Los riesgos emergentes en toda la región aumentan a medida que se agudiza la sequía:
Afganistán: Casi 400.000 personas, incluidos muchos niños y niñas, fueron desplazadas a principios de 2025, lo que interrumpió el acceso a alimentos, agua potable y servicios de salud esenciales. Las sequías y las inundaciones están empeorando la alimentación infantil, y las familias informan que las mujeres y las madres suelen ser las últimas en comer.
Irak: El país sufre una de sus peores sequías en décadas, con más de un millón de personas desplazadas, incluidas 168.000 debido a las crisis climáticas. Investigaciones previas de World Vision muestran que los niños y niñas experimentan altos niveles de angustia psicológica debido al cambio climático, como ansiedad, tristeza y culpa.
Jordania: Cerca del 75% de los refugiados sirios en Jordania se enfrentan a la inseguridad alimentaria. Los niños y niñas refugiados sirios se ven especialmente afectados por el calor extremo, la sequía y la escasez de agua, lo que interrumpe la asistencia escolar, aumenta el estrés psicológico y la exposición a la violencia, incluso en los puntos de recogida de agua. Las niñas corren un mayor riesgo de matrimonio precoz.
Líbano: Más del 94% de los adolescentes encuestados afirman que el conflicto y la inseguridad dificultan el acceso de sus familias a los alimentos. Los niños y niñas describen ansiedad, tristeza y miedo relacionados con la escasez de agua y alimentos, y las niñas corren un mayor riesgo de sufrir abuso verbal y físico durante la recogida de agua.

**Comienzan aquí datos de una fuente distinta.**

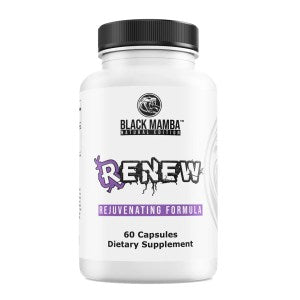 Black Mamba Renew – Advanced Cellular Rejuvenation Support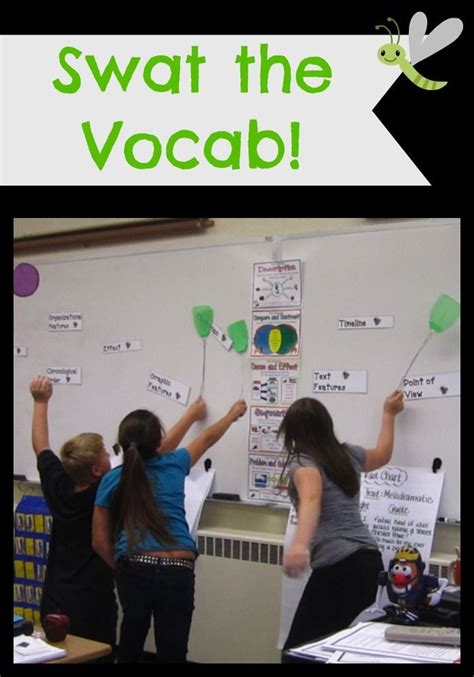 A Fun And Easy Vocabulary Game To Play With Your Students List Of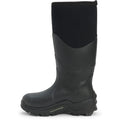 Muck Boots Muckmaster Hi Rubber Black Wellington Boots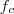 f_c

Siria: Más de 14 millones de personas necesitan apoyo para su seguridad alimentaria, con una desnutrición materna e infantil en niveles de emergencia. La infancia,especialmente en las zonas del norte , se enfrenta a riesgos superpuestos por la escasez de agua, las enfermedades y la interrupción de la escolarización a causa de la sequía.
Cisjordania: Los niños y niñas experimentan mayores riesgos para la salud debido al calor extremo y la escasez de agua, incluyendo enfermedades respiratorias. Las restricciones de movimiento, las deficiencias en infraestructura y los servicios también agravan estos impactos, mientras que la infancia reporta angustia emocional, como ansiedad, tristeza y miedo al desplazamiento inducido por el clima.

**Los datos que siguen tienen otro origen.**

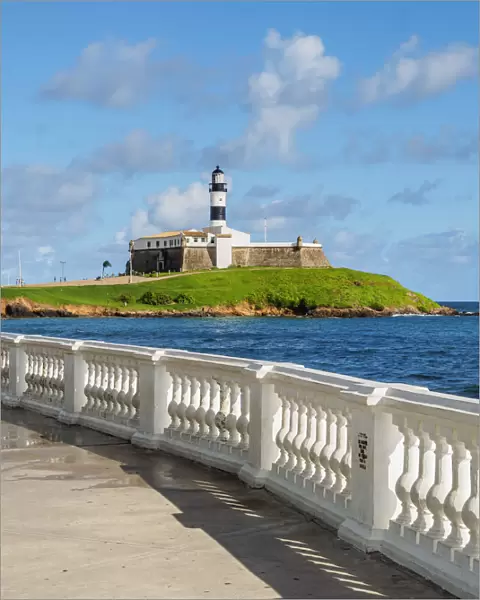 Farol da Barra, lighthouse, Salvador, State of Bahia, Brazil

Los niños y niñas de toda la región están perdiendo clases debido a las inundaciones, las olas de calor y el desplazamiento, mientras que la ansiedad, la desnutrición y las condiciones de vida inseguras aumentan. Las estrategias climáticas y las respuestas de emergencia deben priorizar las necesidades y los derechos de la infancia, protegiendo la escolarización, garantizando agua potable y nutrición, brindando apoyo para la salud mental y permitiendo que los jóvenes tomen las decisiones que determinarán su futuro.
Donantes, gobiernos y socios para el desarrollo deben aumentar urgentemente la financiación para la adaptación climática a fin de proteger a millones de niños, niñas y familias en Oriente Medio y Afganistán del agravamiento de las sequías, la inseguridad alimentaria y la escasez de agua. La acción climática debe priorizar a la infancia, protegiendo su educación, salud y bienestar, a la vez que garantiza que su voz influya en las políticas que definirán su futuro.
Por último, restablecer y ampliar la financiación humanitaria y para el desarrollo, junto con las inversiones en medios de vida sostenibles y oportunidades de empleo verde, es esencial para ayudar a resistir las crisis climáticas y reconstruir vidas con dignidad.